The Standard Charter Best Film Award went to Travellers and Magicians from Bhutan – “ A beautifully realised story within a story. Khyentse Norbu’s multi-layered and subtle film explores the universal human desire to attain our dreams.” This film also won the NETPAC Jury best film award (Network for the Promotion of Asian Cinema). The Standard Charter Special Mention Award went to Joyjatra from Bangladesh – “The Special Mention Award goes to Tauquir Ahmed for his skilful depiction of the quest for survival of a group of ordinary people during the struggle for national emancipation.” As well as a trophy and cash prizes, both films were awarded Don Quixote certificates from the IFFS. The IFFS Jury also awarded a commendation to Laaj from India – “The jury has decided to award a commendation to Manzu-Borah for her conviction and sincerity in portraying the story of a girl’s coming of age in poverty-stricken conditions.”
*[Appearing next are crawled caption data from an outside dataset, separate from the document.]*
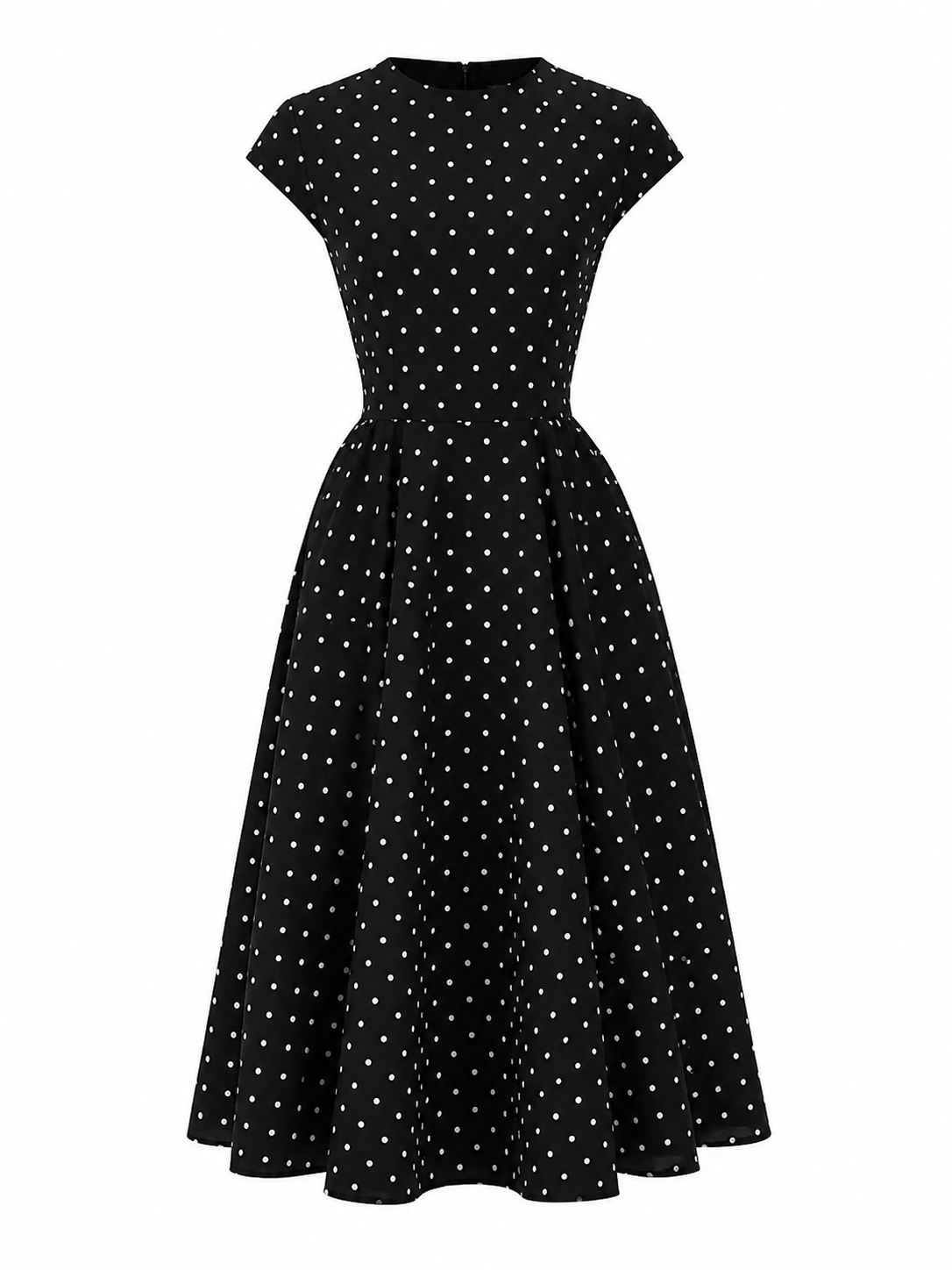 MONROE DRESS — Polka Dot Midi Dress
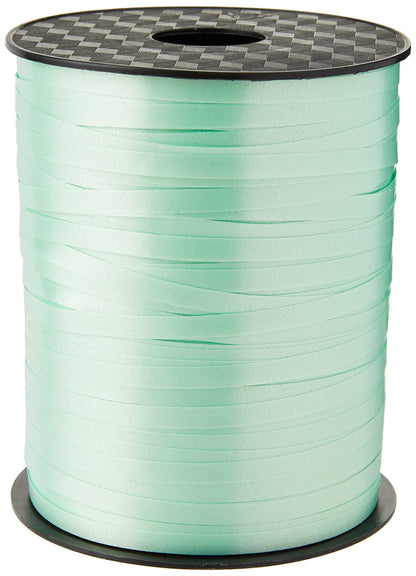 Eleganza No.13 Poly Curling Ribbon, Polyester, Mint, 5 mm x 500 yd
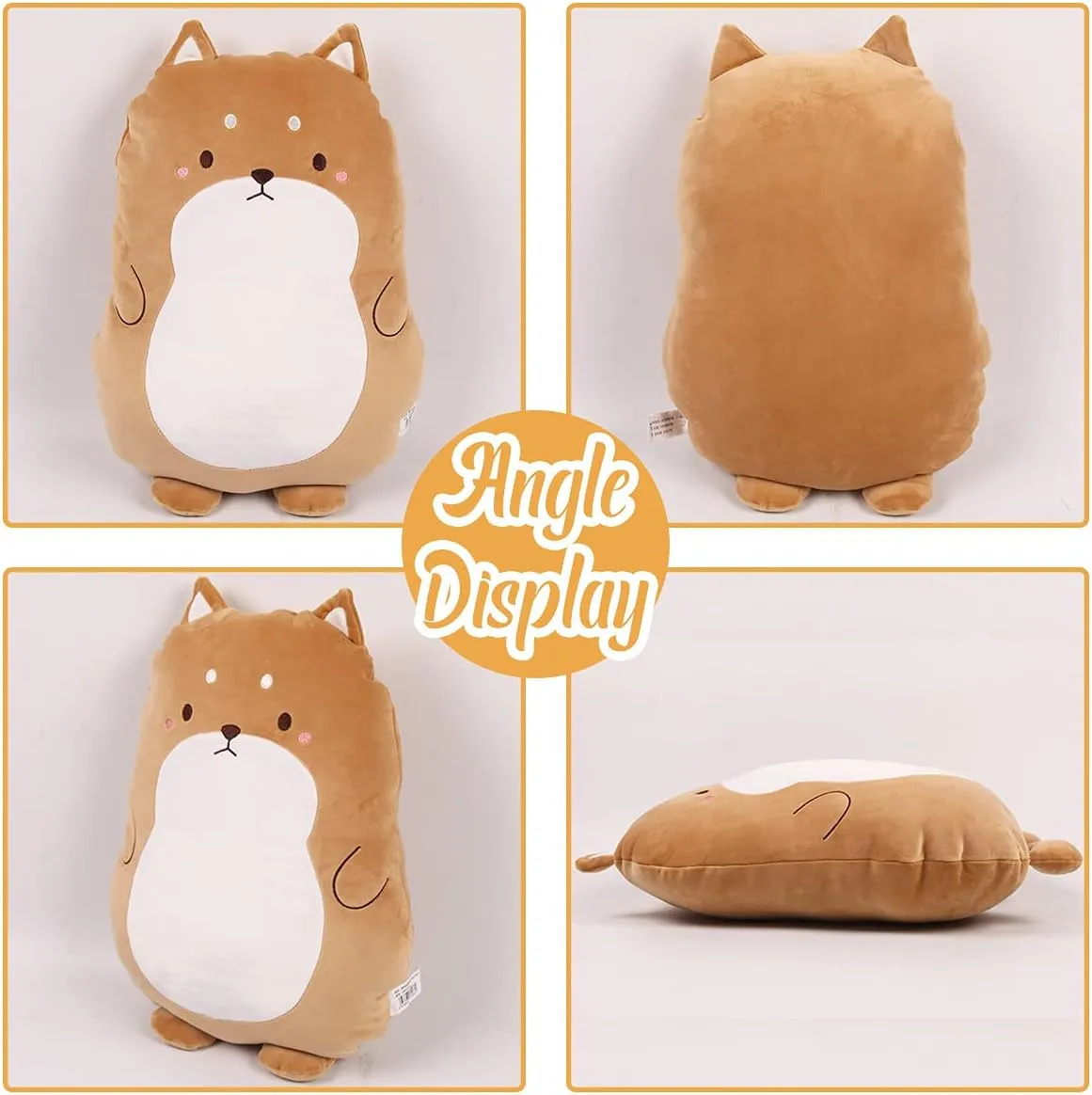 Family Birthday 16inch ARELUX Soft Shiba Inu Plush Cuddle Pillow Cute Dog mythical pivot previous attest Stuffed Animal Plush Corgi Toy Puppy Plushies Room Decor Accompany for Friends 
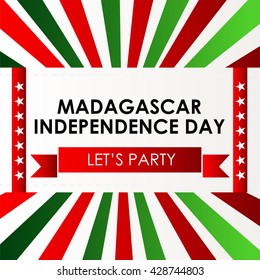 Vector illustration of Madagascar a Day.
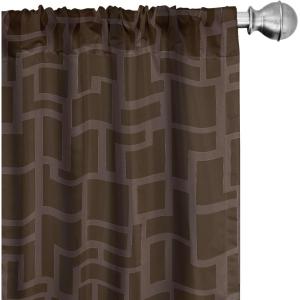 Ambesonne Garden Scene Curtains, Neutral Traditional Roses and Floral Pattern Boho Romance Print, Window Treatments 2 Panel Set for Living Room Bedroom, Pair of – 28″ x 84″, Cream White Dark Sepia(Dark Cocoa Umber)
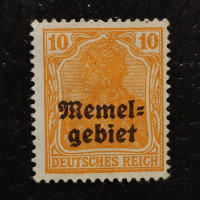 Známka Memelgebiet, Mi.14 (SG 27)*, 10 Pf
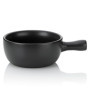 Kela 66575 Basel Caquelon à fondue à fromage Céramique Noir 31 x 22 x 9 cm 2 L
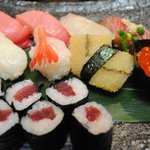 Matsuki sushi - 天麩羅御膳寿司盛り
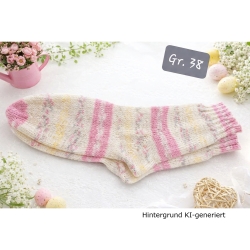 Stricksocken Gr. 38 handgestrickt Wollsocken Schurwolle/Polyamid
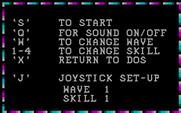 Tick Attack for IBM PC/Compatibles - Main menu.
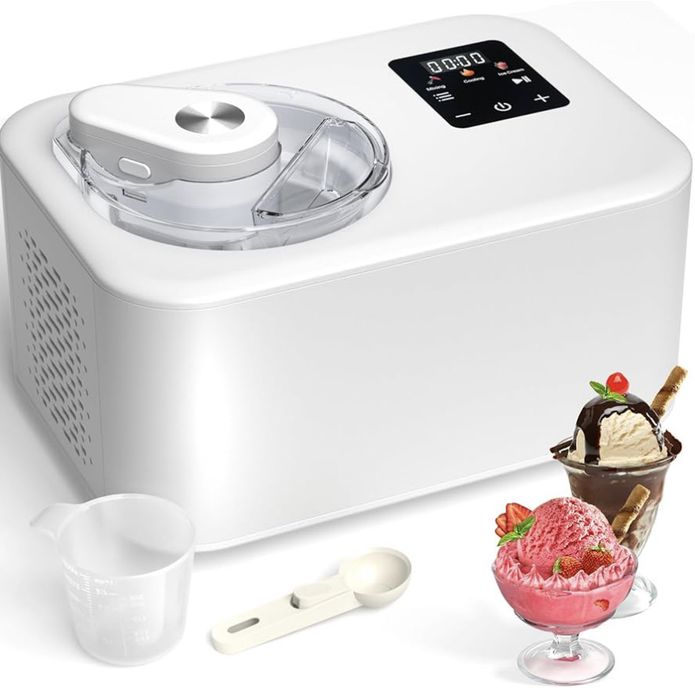 Компресорна автоматична морозивниця 1.2 л (Ice Cream Maker with Compressor 1.2L) з вбудованим компресором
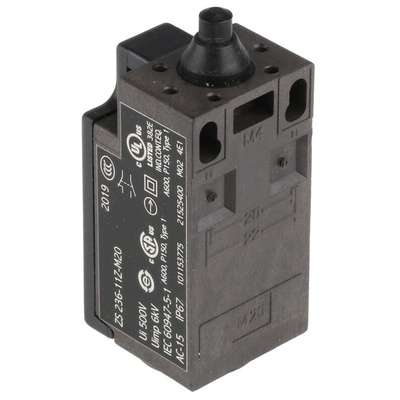 Schmersal Plunger Limit Switch, NO/NC, IP67, Thermoplastic Housing, 230V ac Max, 10A Max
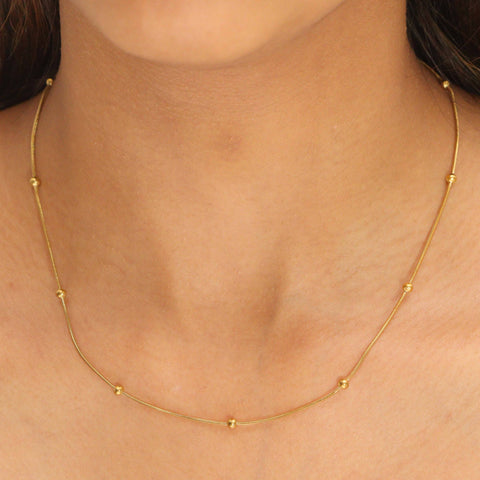 Golden Loop Necklace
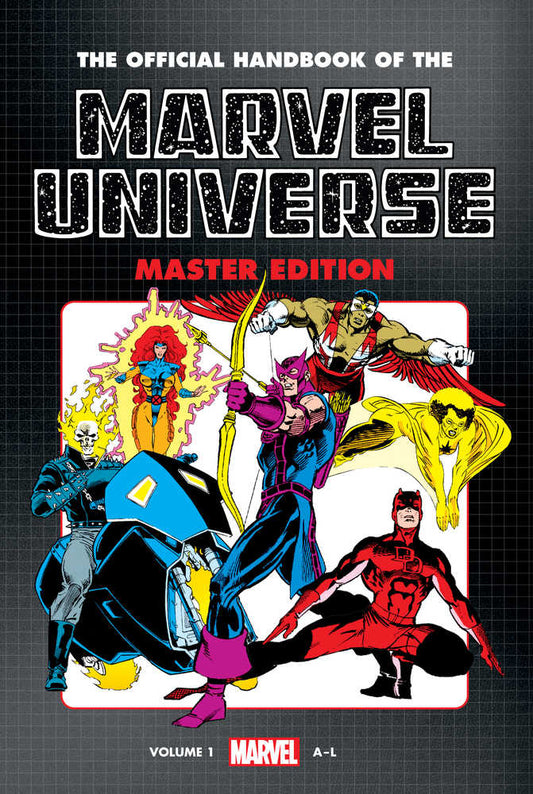 Official Handbook Marvel Universe Master Edition Omnibus Hardcover Volume 01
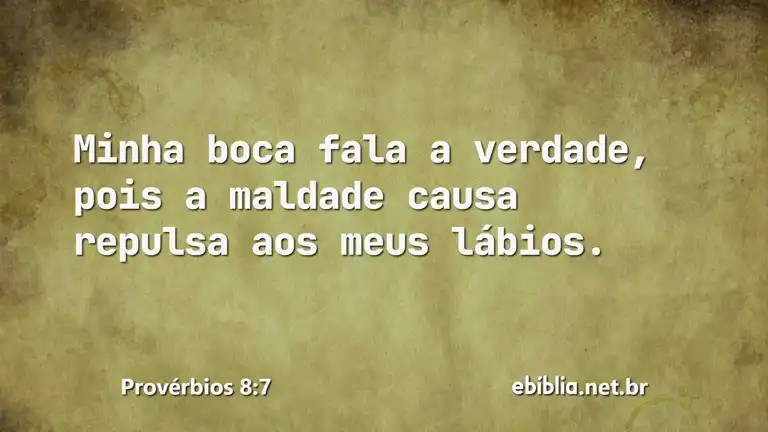 Provérbios 8:7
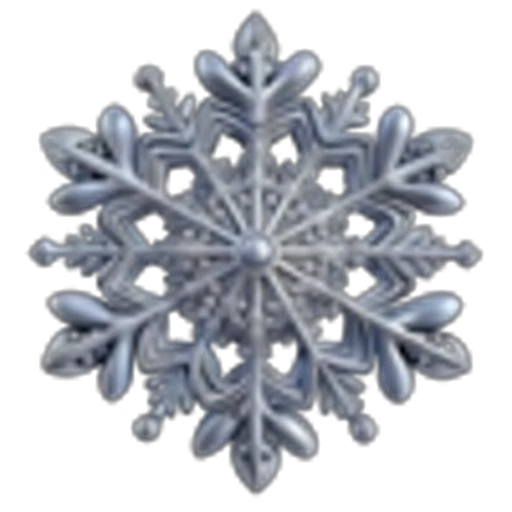 ❄️ Эмодзи «Снежинки» для Telegram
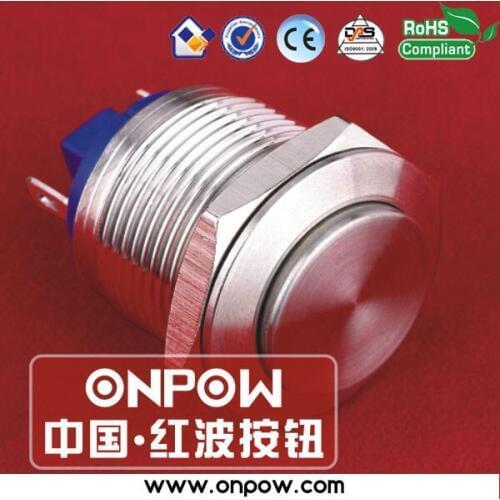ONPOW 19mm solder terminal pushbutton switch GQ19H-10/J/S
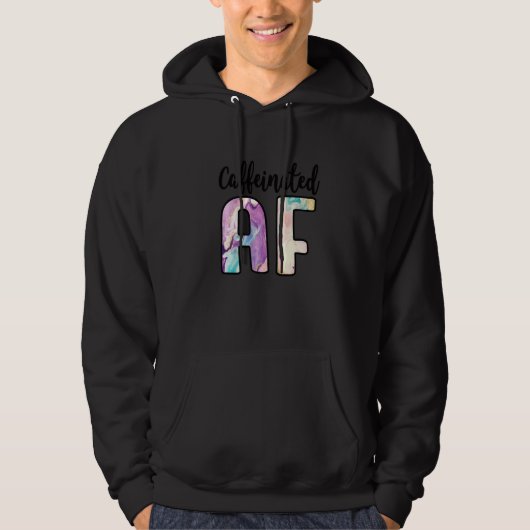 Koffeinierte Af Funny Coffee Addict Hoodie (Vorderseite)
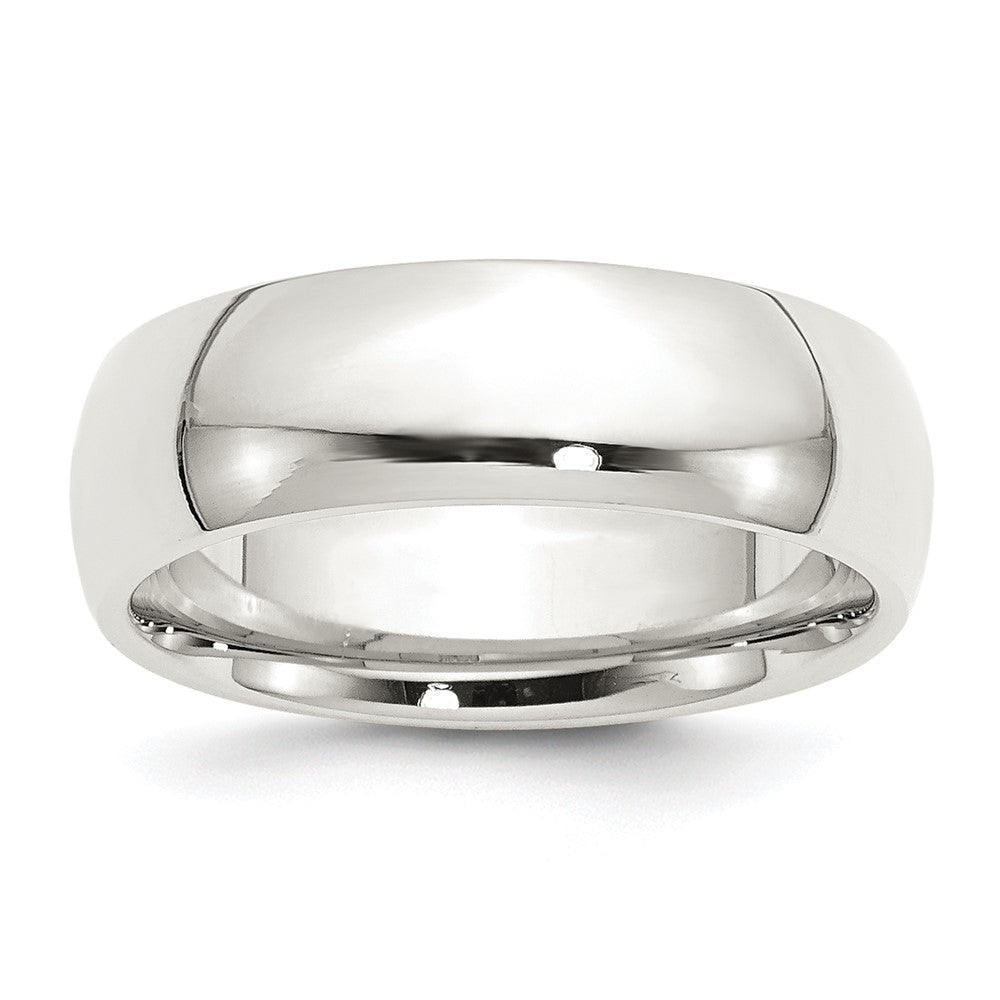 Sterling Silver 7mm Comfort Fit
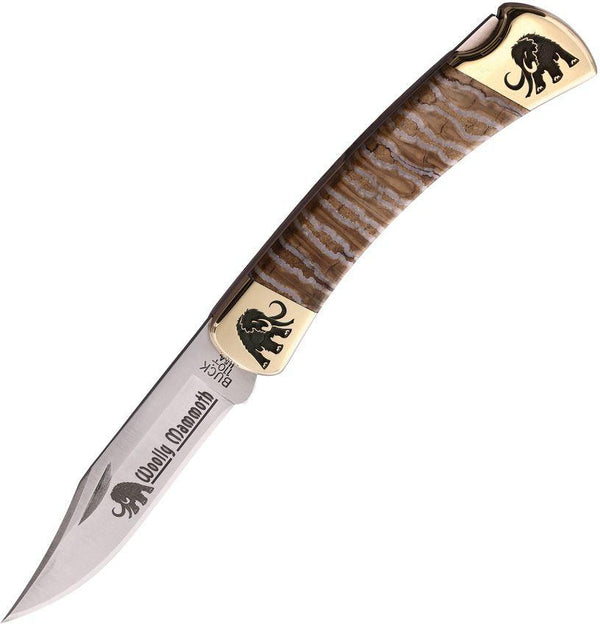 Yellowhorse Custom Buck 110 Lockback Brown Mammoth 420HC - Knives.mx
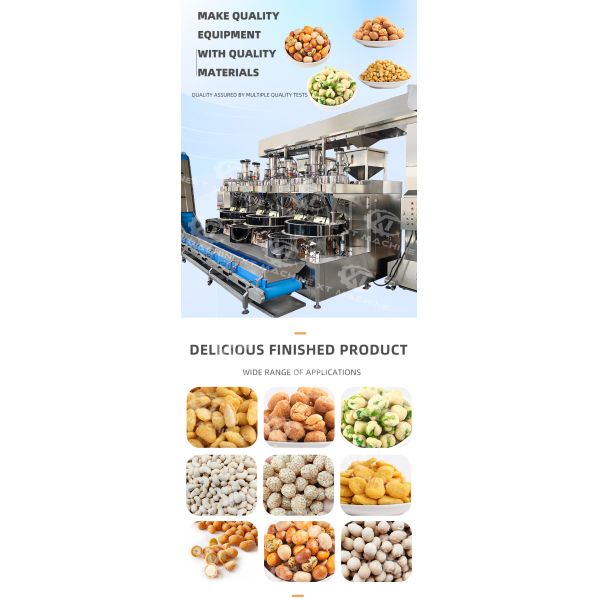 Auto Peanut Coating Processing Machine XT Machine CE Certified Industrial Nuts Coating Unit PLC System 500-1000kg/h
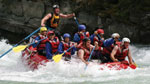Whitewater river rafting near Jasper National Park on the Fraser River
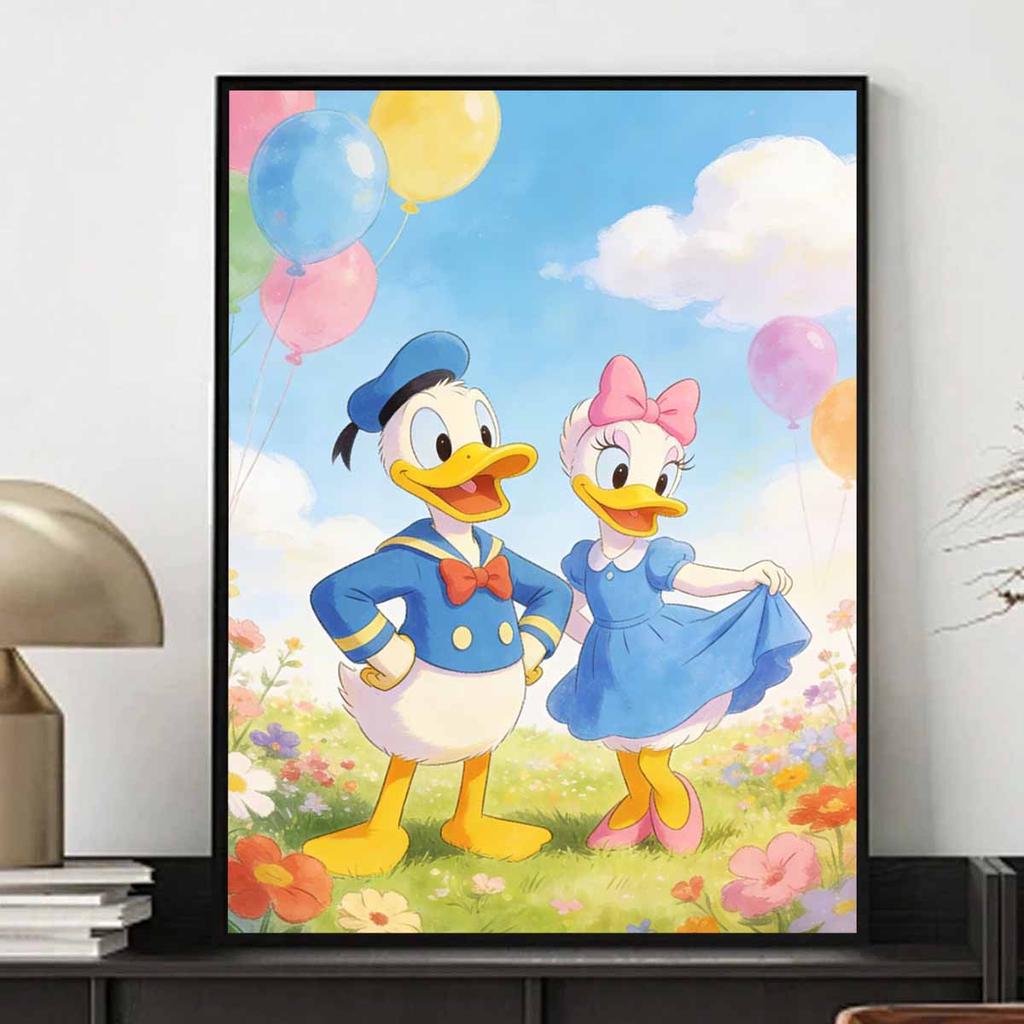 Disney Diamond Painting Donald Daisy Cute Garden Wall Decor Crafts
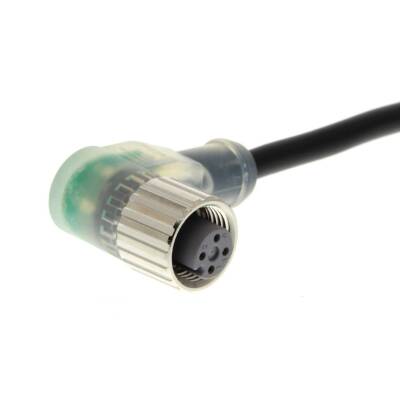 XS2F-M12PUR4A5MPLED - Sensor Connector - 1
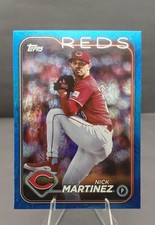 2024 Topps Update Series - Nick Martinez #US255 Blue Holo Foilboard /999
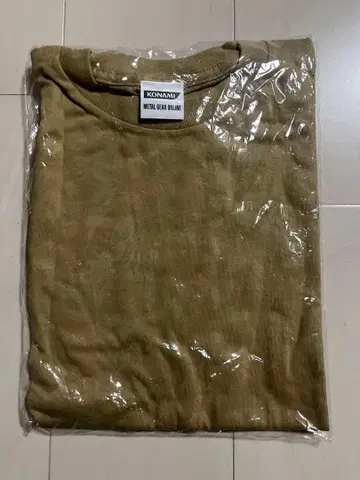 METAL GEAR ONLINE 종이상자 T셔츠 M사이즈 카키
Highlights outside of the competition included the widely lauded Osama from Afghanistan, directed by Siddiq Barmak and the hugely moving Italian film House Keys. The director of House Keys, Gianni Amelio, was the subject of one of the festival retrospectives
The International Film Festival of Bangladesh is run on a purely voluntary basis and the hospitality of the hosts, and especially the team of young people responsible for the guests, was truly amazing. Sightseeing trips were organised when the jury had some free time and my attempts at Bangla (using a phrase sheet I had downloaded from the net) provoked much hilarity among the locals.